## Exercise:
Your job is to print, exactly, the lines in the data below from the line with "Surgical steel plug SYNTHETIC OPAL ++SALE++" through the line with "SAREESBYCHIRAG Floral Pure", both included, and to omit any picture.

*** Opening Available records ***

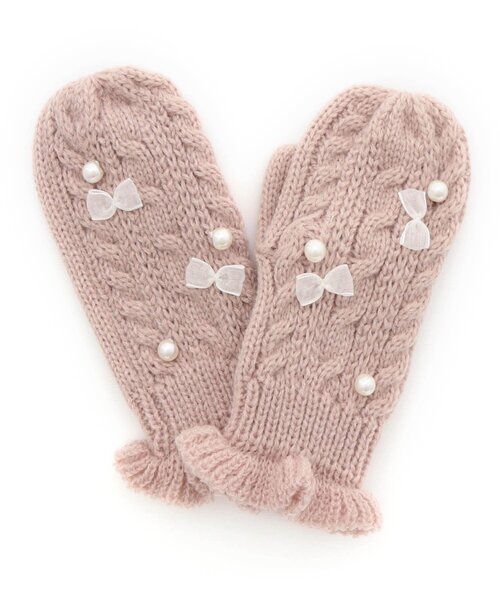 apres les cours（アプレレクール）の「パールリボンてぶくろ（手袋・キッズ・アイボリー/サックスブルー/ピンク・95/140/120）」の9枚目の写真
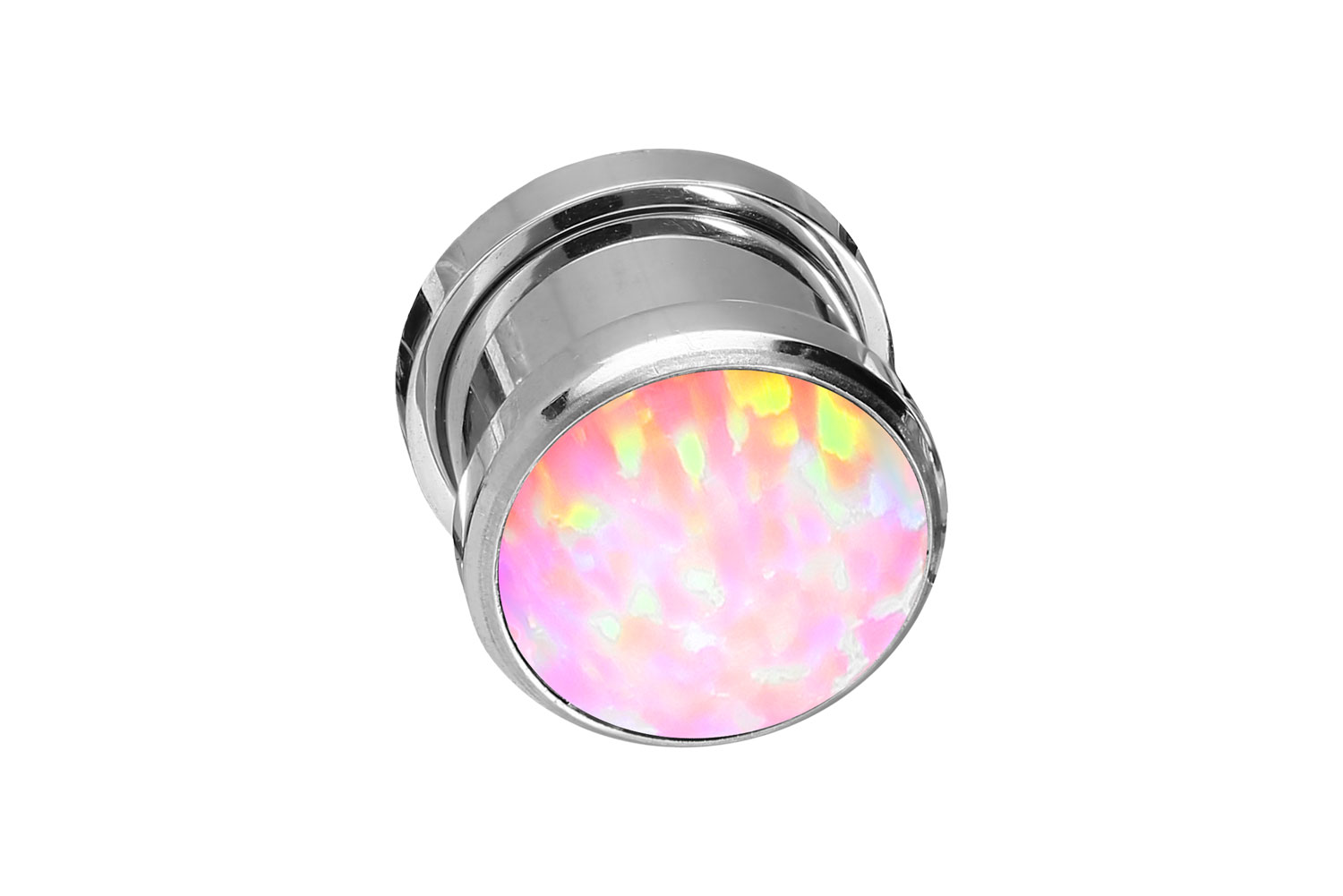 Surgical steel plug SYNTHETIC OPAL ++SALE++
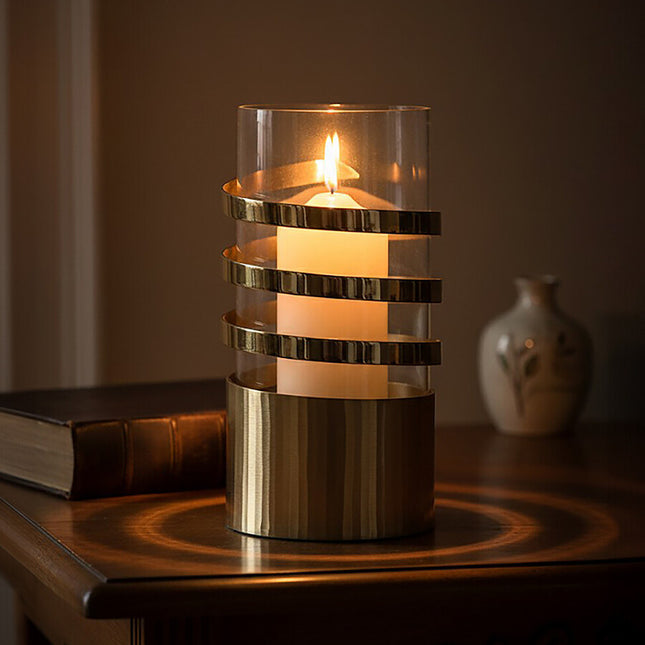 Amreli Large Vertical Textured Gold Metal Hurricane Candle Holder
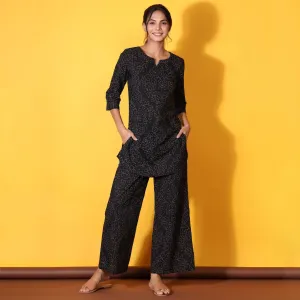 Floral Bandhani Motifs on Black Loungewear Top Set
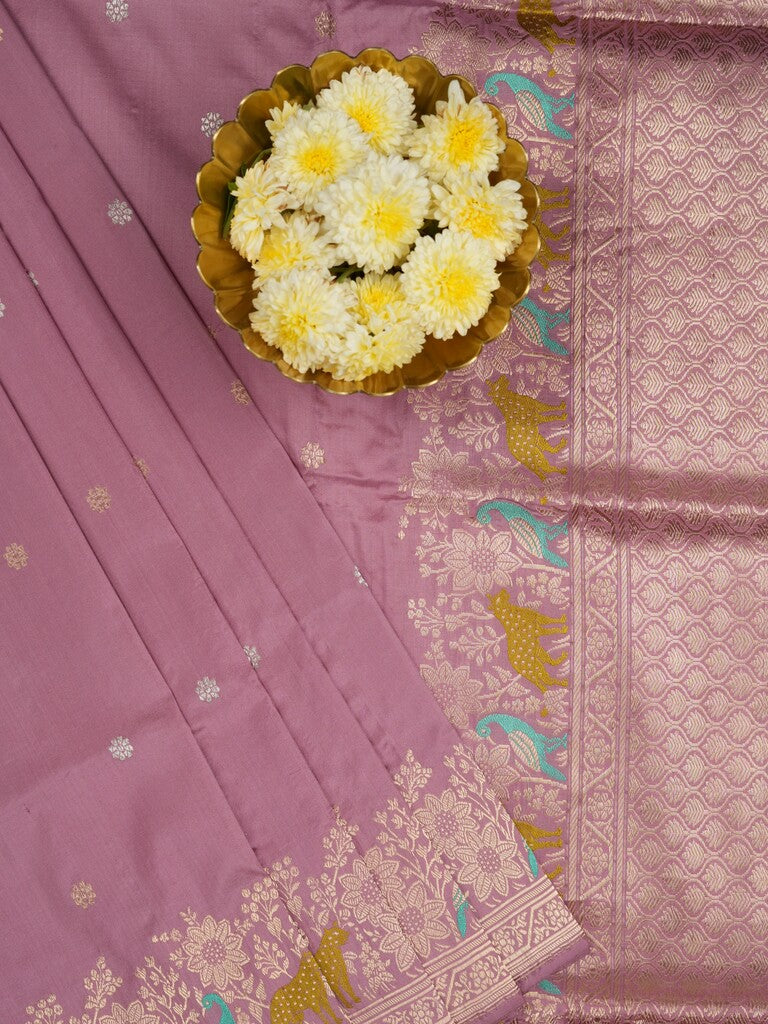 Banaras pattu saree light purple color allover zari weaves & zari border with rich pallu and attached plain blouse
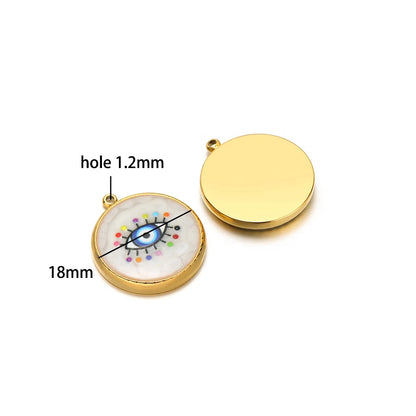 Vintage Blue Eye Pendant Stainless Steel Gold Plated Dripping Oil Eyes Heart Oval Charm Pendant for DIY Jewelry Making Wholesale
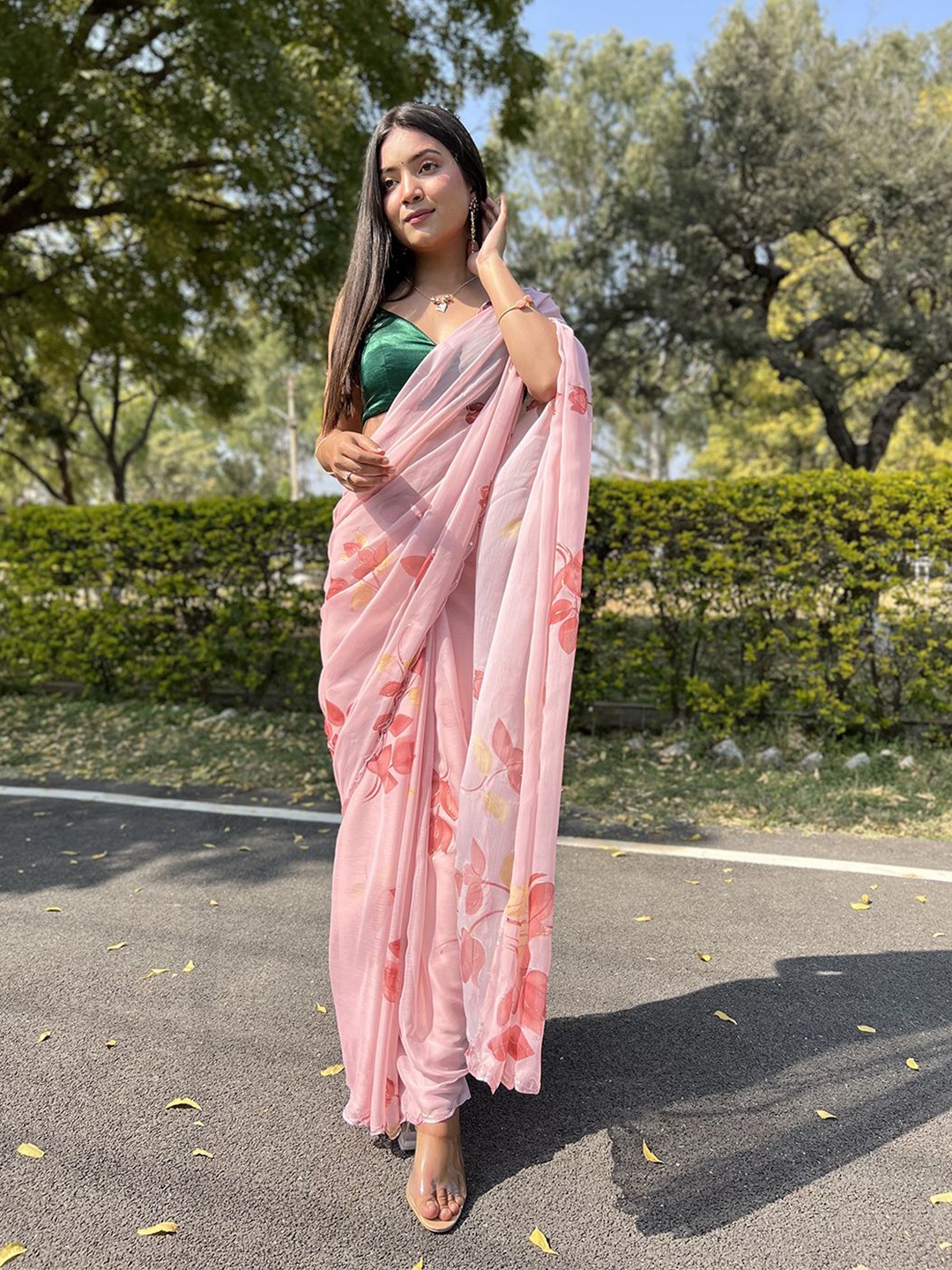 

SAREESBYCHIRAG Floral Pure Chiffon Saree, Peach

*** Closing Available records ***
*** Opening Available records ***

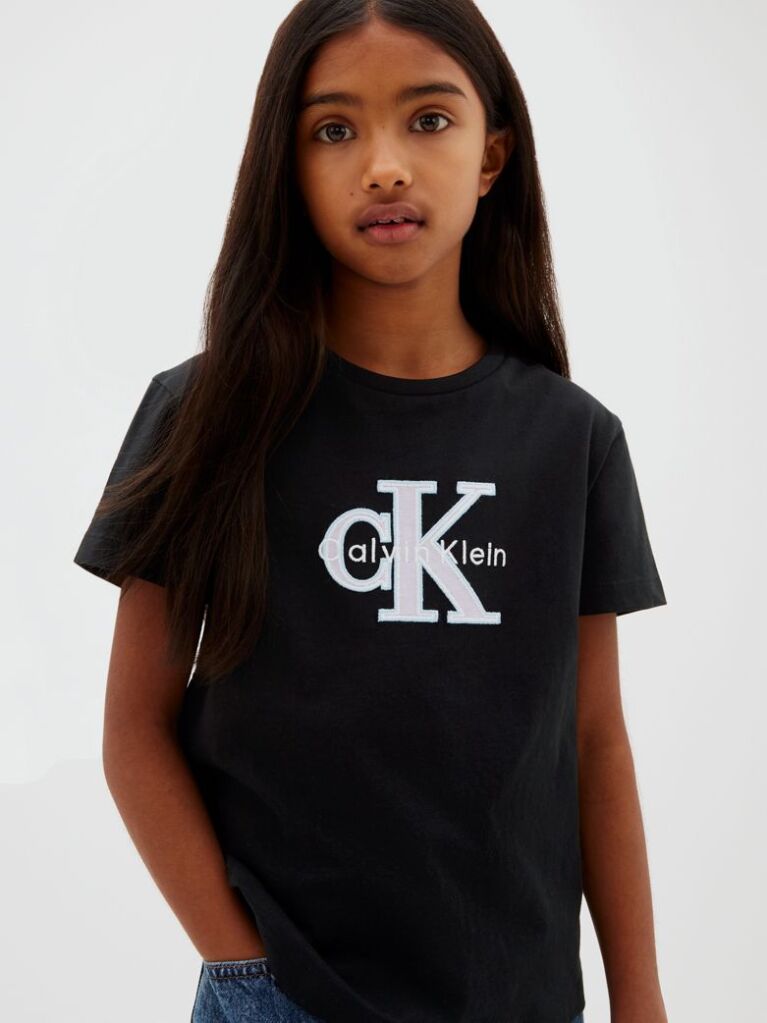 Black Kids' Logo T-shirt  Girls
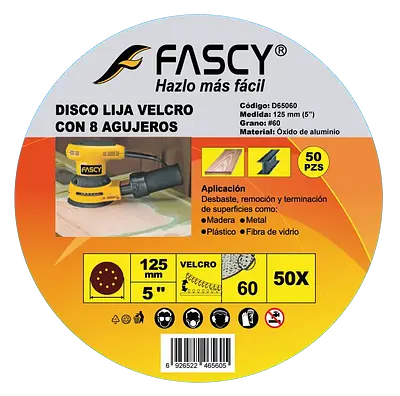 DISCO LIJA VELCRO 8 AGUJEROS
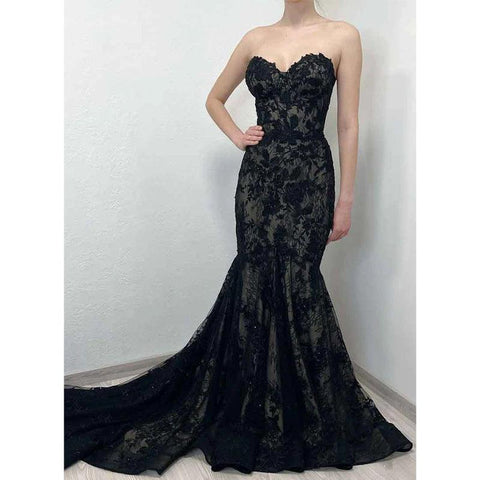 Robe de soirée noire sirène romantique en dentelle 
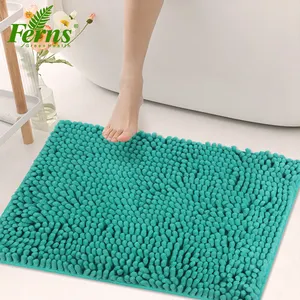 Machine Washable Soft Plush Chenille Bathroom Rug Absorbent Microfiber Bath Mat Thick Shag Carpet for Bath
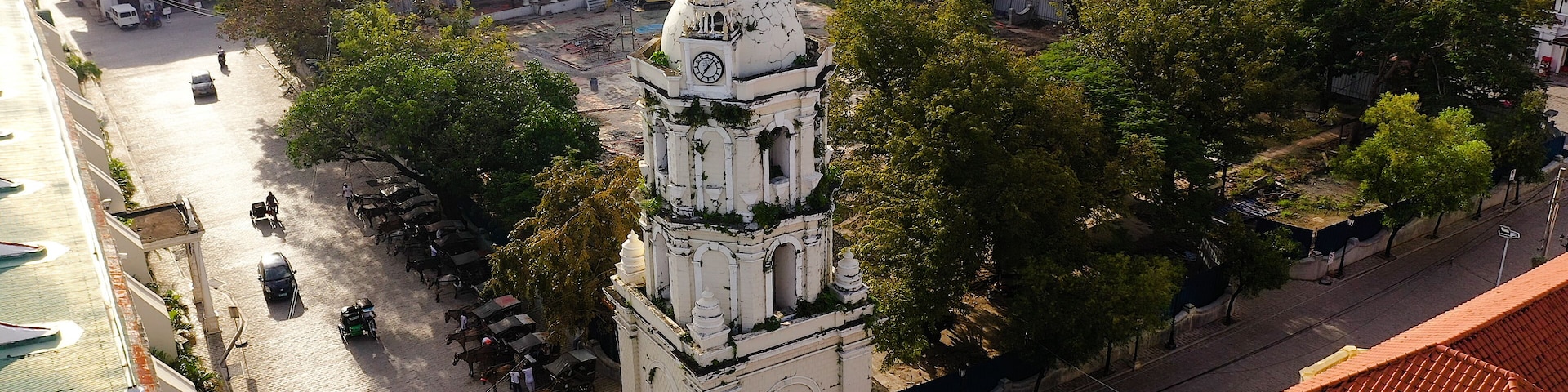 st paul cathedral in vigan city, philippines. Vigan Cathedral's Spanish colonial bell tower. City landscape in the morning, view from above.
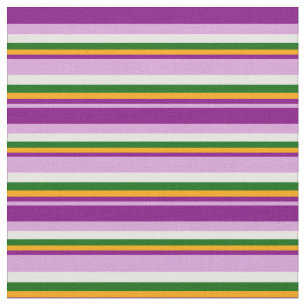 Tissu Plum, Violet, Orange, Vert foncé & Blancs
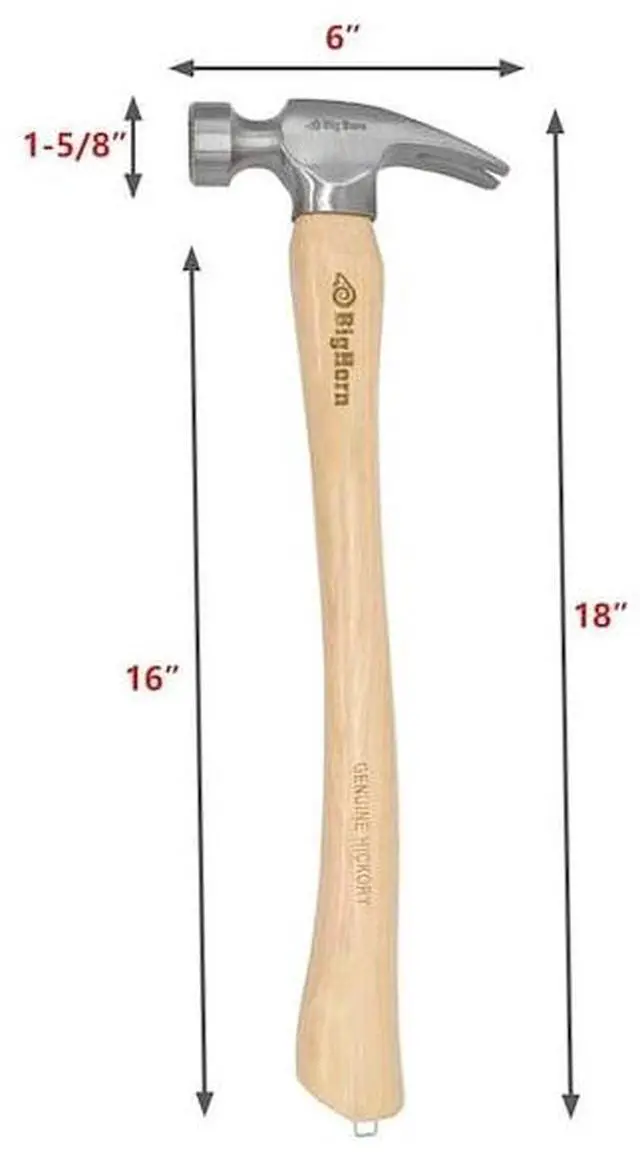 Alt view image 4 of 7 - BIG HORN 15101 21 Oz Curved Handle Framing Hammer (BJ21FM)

*** Closing Available records ***
*** Opening Available records ***

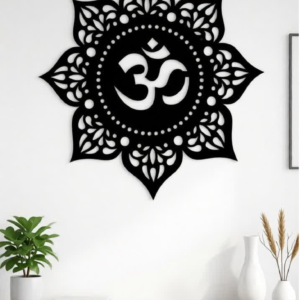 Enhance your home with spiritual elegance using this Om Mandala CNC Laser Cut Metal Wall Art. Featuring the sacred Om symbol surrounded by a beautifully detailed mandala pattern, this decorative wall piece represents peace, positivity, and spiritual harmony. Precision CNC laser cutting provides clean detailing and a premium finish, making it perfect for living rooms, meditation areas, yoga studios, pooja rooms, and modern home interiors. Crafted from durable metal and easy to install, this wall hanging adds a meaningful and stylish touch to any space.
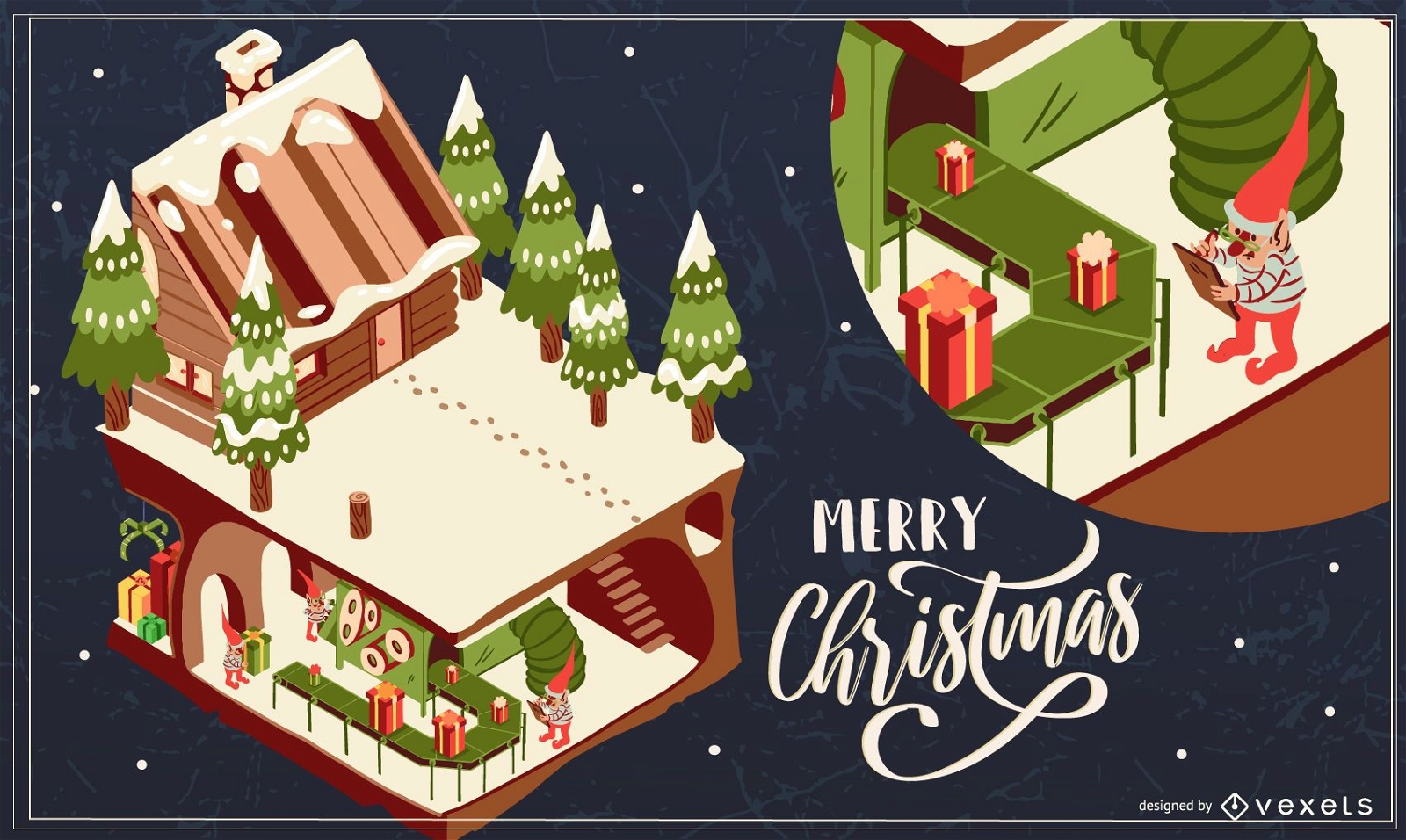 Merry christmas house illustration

*** Closing Available records ***

## Your response:
 Surgical steel plug SYNTHETIC OPAL ++SALE++
 Amreli Large Vertical Textured Gold Metal Hurricane Candle Holder
 Floral Bandhani Motifs on Black Loungewear Top Set
 Banaras pattu saree light purple color allover zari weaves & zari border with rich pallu and attached plain blouse
 Vintage Blue Eye Pendant Stainless Steel Gold Plated Dripping Oil Eyes Heart Oval Charm Pendant for DIY Jewelry Making Wholesale

SAREESBYCHIRAG Floral Pure Chiffon Saree, Peach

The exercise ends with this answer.